Similarly the end of Daylight Savings repeats 1AM.
seq.POSIXt(from = as.POSIXct("2018-11-04 01:00:00", tz = "America/Chicago"), length.out = 6, by = "15 mins")
## [1] "2018-11-04 01:00:00 CDT" "2018-11-04 01:15:00 CDT"
## [3] "2018-11-04 01:30:00 CDT" "2018-11-04 01:45:00 CDT"
## [5] "2018-11-04 01:00:00 CST" "2018-11-04 01:15:00 CST"
With these things in mind, take note of how R handles the following:
as.POSIXct("2018-03-11 02:15:00", tz = "America/Chicago") # Turns into 12:00AM
## [1] "2018-03-11 CST"
as.POSIXct("2018-11-04 01:15:00", tz = "America/Chicago")
## [1] "2018-11-04 01:15:00 CDT"
as.POSIXct("2018-11-04 01:15:00", tz = "America/Chicago") + 60*60 # Add 1 hour (60*60 seconds)
## [1] "2018-11-04 01:15:00 CST"
To make things more confusing, not all regions observe Daylight Savings. Some regions do a half-hour rollback and others do a 45-minute rollback.
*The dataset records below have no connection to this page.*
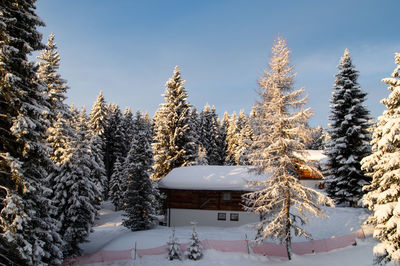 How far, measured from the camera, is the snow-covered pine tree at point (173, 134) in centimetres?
3488

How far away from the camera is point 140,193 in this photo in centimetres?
2648

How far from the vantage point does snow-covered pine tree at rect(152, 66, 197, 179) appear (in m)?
34.9

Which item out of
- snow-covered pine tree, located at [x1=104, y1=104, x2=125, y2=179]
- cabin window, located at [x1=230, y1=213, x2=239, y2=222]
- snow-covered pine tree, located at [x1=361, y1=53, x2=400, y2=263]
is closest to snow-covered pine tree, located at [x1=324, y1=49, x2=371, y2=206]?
cabin window, located at [x1=230, y1=213, x2=239, y2=222]

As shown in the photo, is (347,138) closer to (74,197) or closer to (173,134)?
(173,134)

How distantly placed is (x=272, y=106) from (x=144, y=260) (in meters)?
13.5

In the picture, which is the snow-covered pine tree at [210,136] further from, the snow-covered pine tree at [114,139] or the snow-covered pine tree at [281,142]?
the snow-covered pine tree at [281,142]

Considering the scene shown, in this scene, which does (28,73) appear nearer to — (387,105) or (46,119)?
(46,119)

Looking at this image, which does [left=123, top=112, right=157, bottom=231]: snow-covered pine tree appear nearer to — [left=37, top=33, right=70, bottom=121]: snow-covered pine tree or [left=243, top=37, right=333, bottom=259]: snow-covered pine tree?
[left=37, top=33, right=70, bottom=121]: snow-covered pine tree

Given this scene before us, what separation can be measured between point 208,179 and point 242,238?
722cm

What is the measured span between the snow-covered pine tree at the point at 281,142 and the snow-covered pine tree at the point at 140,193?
11.7 meters

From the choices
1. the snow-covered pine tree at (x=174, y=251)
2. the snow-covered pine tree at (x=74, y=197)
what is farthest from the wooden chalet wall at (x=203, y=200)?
the snow-covered pine tree at (x=174, y=251)

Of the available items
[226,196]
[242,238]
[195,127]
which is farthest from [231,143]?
[242,238]

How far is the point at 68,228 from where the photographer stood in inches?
837

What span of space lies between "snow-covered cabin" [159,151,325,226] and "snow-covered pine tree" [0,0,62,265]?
1673 centimetres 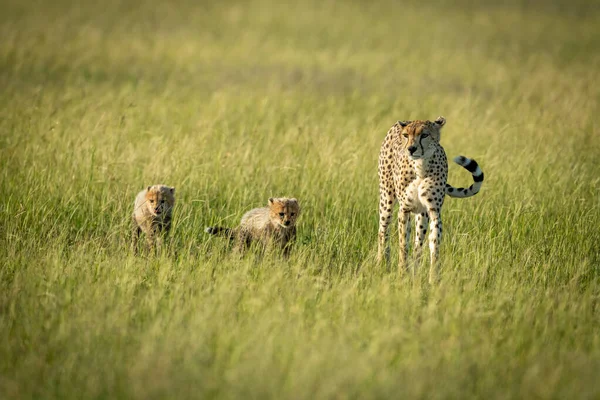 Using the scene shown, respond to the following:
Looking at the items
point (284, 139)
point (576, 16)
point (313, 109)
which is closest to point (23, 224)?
point (284, 139)

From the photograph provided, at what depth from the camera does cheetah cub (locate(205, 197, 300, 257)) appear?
6.06 meters

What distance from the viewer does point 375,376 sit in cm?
389

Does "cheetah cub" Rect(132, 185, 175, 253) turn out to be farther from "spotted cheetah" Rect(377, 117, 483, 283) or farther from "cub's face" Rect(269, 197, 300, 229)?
"spotted cheetah" Rect(377, 117, 483, 283)

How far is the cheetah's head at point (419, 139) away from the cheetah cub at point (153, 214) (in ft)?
6.58

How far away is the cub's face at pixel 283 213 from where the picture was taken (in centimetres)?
605

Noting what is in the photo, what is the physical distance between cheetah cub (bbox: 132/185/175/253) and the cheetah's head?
2005 mm

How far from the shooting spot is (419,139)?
5.46 m

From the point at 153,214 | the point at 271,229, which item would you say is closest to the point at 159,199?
the point at 153,214

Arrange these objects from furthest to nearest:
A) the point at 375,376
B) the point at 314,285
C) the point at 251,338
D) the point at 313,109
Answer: the point at 313,109 < the point at 314,285 < the point at 251,338 < the point at 375,376

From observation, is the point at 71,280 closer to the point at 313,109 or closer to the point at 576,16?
the point at 313,109

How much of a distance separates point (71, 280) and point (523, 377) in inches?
113

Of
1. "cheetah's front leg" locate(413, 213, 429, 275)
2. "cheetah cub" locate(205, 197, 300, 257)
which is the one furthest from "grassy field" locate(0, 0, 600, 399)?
"cheetah's front leg" locate(413, 213, 429, 275)

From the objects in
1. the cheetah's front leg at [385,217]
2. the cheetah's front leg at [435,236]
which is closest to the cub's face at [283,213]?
the cheetah's front leg at [385,217]

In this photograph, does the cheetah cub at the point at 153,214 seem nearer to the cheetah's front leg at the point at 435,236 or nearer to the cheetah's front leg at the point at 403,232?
the cheetah's front leg at the point at 403,232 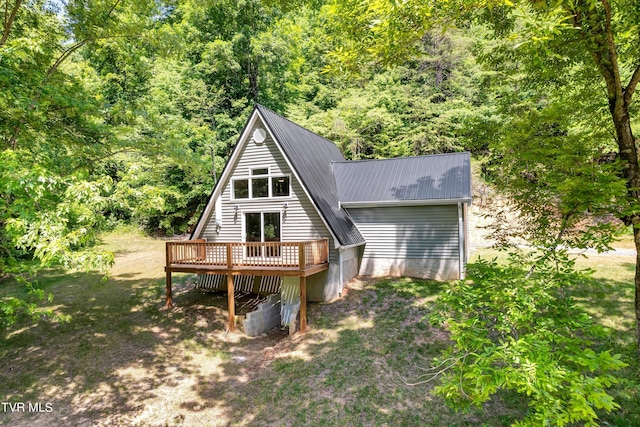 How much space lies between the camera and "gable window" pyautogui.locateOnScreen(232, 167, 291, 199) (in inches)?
466

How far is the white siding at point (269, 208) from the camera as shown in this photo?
11461 mm

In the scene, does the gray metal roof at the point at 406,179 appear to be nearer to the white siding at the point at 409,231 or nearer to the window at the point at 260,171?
the white siding at the point at 409,231

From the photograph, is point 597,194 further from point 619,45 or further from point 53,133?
point 53,133

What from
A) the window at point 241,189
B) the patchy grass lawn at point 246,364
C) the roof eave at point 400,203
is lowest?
the patchy grass lawn at point 246,364

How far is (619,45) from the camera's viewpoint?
19.5 ft

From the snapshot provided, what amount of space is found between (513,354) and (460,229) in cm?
903

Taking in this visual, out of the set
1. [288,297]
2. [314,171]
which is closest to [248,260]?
[288,297]

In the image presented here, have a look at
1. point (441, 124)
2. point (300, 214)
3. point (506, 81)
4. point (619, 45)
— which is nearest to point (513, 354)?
point (619, 45)

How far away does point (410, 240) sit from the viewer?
12.5 meters

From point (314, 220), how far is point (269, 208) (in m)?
1.79

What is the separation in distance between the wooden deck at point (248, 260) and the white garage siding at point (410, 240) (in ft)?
8.57

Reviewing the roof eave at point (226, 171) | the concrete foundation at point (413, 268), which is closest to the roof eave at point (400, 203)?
the concrete foundation at point (413, 268)

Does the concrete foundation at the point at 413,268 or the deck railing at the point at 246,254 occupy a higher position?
the deck railing at the point at 246,254

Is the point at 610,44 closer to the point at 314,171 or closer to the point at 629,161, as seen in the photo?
the point at 629,161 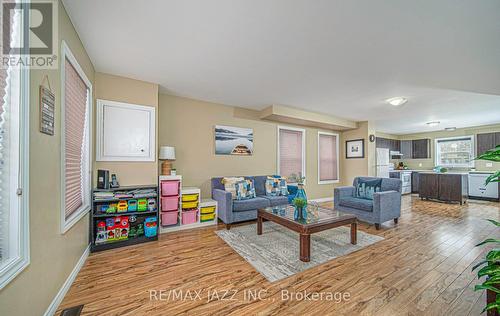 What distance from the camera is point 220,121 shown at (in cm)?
438

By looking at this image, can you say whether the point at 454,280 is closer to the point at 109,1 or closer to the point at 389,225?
the point at 389,225

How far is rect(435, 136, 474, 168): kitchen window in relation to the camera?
6849 mm

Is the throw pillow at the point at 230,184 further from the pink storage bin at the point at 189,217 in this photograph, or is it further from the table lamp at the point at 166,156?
the table lamp at the point at 166,156

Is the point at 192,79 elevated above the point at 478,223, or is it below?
above

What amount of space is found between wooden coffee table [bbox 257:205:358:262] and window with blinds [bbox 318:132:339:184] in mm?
3160

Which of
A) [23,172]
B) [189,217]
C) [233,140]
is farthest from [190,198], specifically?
[23,172]

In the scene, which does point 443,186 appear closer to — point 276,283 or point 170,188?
point 276,283

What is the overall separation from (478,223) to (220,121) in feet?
18.3

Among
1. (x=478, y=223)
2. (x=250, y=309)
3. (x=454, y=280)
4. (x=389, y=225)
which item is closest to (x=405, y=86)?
(x=389, y=225)

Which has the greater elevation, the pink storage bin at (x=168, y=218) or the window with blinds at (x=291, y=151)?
the window with blinds at (x=291, y=151)

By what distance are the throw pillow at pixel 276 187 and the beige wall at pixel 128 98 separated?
2.26 m

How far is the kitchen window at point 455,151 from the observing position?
6.85 metres

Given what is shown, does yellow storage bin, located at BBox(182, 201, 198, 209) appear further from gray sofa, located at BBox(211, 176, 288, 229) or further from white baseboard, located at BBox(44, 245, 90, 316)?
white baseboard, located at BBox(44, 245, 90, 316)

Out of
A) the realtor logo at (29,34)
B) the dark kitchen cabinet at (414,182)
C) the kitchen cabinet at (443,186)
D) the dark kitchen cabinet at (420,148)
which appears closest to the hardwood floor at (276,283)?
the realtor logo at (29,34) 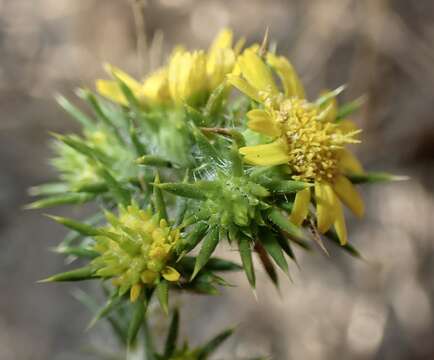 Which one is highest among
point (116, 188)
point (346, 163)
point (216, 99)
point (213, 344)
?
point (216, 99)

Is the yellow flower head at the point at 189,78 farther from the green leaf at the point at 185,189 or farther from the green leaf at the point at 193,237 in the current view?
the green leaf at the point at 193,237

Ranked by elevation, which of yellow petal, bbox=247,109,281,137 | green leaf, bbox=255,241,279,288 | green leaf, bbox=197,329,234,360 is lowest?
green leaf, bbox=197,329,234,360

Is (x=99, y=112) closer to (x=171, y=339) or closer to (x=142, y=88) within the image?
(x=142, y=88)

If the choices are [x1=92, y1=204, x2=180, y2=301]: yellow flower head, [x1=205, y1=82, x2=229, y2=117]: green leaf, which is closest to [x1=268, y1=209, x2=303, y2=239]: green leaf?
[x1=92, y1=204, x2=180, y2=301]: yellow flower head

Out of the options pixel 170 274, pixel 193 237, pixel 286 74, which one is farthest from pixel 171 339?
→ pixel 286 74

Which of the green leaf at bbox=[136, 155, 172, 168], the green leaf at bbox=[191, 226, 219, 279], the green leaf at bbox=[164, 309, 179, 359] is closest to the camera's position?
the green leaf at bbox=[191, 226, 219, 279]

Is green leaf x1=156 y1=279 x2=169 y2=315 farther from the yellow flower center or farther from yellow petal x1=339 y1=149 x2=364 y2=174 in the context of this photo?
yellow petal x1=339 y1=149 x2=364 y2=174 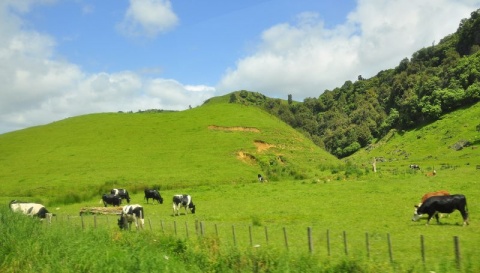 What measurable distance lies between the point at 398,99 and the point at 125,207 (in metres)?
123

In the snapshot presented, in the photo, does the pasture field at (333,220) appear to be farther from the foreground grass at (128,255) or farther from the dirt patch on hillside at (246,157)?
the dirt patch on hillside at (246,157)

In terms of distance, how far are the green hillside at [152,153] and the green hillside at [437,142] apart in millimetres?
21863

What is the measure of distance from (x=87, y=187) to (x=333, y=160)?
3904 centimetres

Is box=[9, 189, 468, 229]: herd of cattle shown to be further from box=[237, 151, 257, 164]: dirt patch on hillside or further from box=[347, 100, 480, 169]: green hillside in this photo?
box=[347, 100, 480, 169]: green hillside

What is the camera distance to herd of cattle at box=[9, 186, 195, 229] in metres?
27.2

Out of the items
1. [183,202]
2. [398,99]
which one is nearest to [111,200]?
[183,202]

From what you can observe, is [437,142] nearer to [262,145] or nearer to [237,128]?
[262,145]

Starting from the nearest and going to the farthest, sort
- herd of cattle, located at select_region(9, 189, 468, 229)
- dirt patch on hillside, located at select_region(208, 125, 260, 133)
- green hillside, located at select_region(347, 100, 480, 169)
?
herd of cattle, located at select_region(9, 189, 468, 229), dirt patch on hillside, located at select_region(208, 125, 260, 133), green hillside, located at select_region(347, 100, 480, 169)

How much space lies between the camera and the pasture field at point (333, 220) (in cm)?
1530

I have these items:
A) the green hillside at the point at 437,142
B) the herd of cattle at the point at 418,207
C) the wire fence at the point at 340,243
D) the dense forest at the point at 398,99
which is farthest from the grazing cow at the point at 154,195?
the dense forest at the point at 398,99

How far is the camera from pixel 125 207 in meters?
28.7

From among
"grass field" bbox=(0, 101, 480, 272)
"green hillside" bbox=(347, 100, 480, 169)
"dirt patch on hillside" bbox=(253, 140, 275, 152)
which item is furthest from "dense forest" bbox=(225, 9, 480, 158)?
"dirt patch on hillside" bbox=(253, 140, 275, 152)

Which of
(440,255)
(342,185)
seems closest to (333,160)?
(342,185)

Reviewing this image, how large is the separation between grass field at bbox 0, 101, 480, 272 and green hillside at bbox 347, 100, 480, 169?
1.40 ft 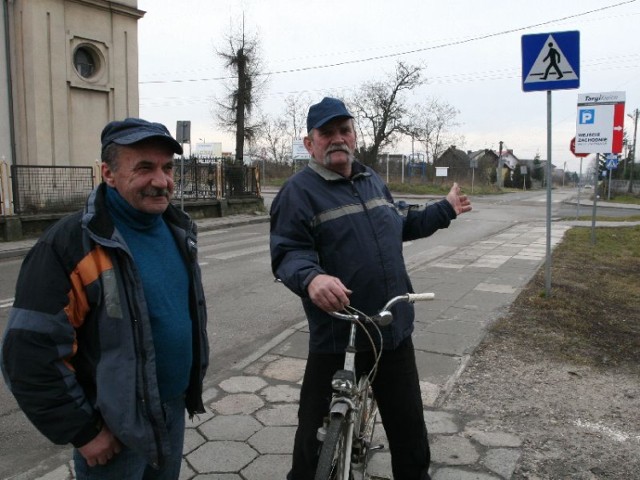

Due to the wacky and inconsistent behavior of datetimes, it’s often easiest to work with UTC if possible. (UTC does not observe daylight savings.)
Lastly, let’s take a look at some common and useful tasks involving datetimes.
Formatting (see ?strptime
)
mydatetime <- Sys.time()
format(mydatetime, "%Y-%m-%d, %I:%M %p", usetz = T)
## [1] "2020-06-16, 04:59 PM CDT"
format(mydatetime, "%I:%M %p", usetz = T)
## [1] "04:59 PM CDT"
format(mydatetime, "%I:%M:%S %p", usetz = T)
## [1] "04:59:41 PM CDT"
Adding time
mydatetime <- as.POSIXct("2018-11-04 00:00:00", tz = "America/Chicago")
# add 60 seconds
mydatetime + 60
## [1] "2018-11-04 00:01:00 CDT"
# add 24 hours (this is the end of Daylight Savings)
mydatetime + 24*60*60
## [1] "2018-11-04 23:00:00 CST"
# add 1 day
mydatetime + lubridate::days(1)
## [1] "2018-11-05 CST"
Note that leap seconds exist, but R’s POSIXct class ignores them.
Create a sequence of datetimes
mydatetime <- as.POSIXct("2018-01-01 00:00:00", tz = "UTC")
seq.POSIXt(from = mydatetime, length.out = 3, by = "5 mins")
## [1] "2018-01-01 00:00:00 UTC" "2018-01-01 00:05:00 UTC"
## [3] "2018-01-01 00:10:00 UTC"
Rounding datetimes
library(lubridate)
mydatetime <- as.POSIXct("2018-01-01 12:35:00", tz = "UTC")
# nearest hour
round_date(mydatetime, unit = "hour")
## [1] "2018-01-01 13:00:00 UTC"
# nearest hour not ahead
floor_date(mydatetime, unit = "hour")
## [1] "2018-01-01 12:00:00 UTC"
# nearest hour not behind
ceiling_date(mydatetime, unit = "hour")
## [1] "2018-01-01 13:00:00 UTC"
In closing, R has the tools you need to do just about anything involving dates and times. However, it’s your responsibility to think about things like leap years, Daylight Savings, timezones etc. In order to avoid common traps, use UTC and the lubridate package often. Cheers!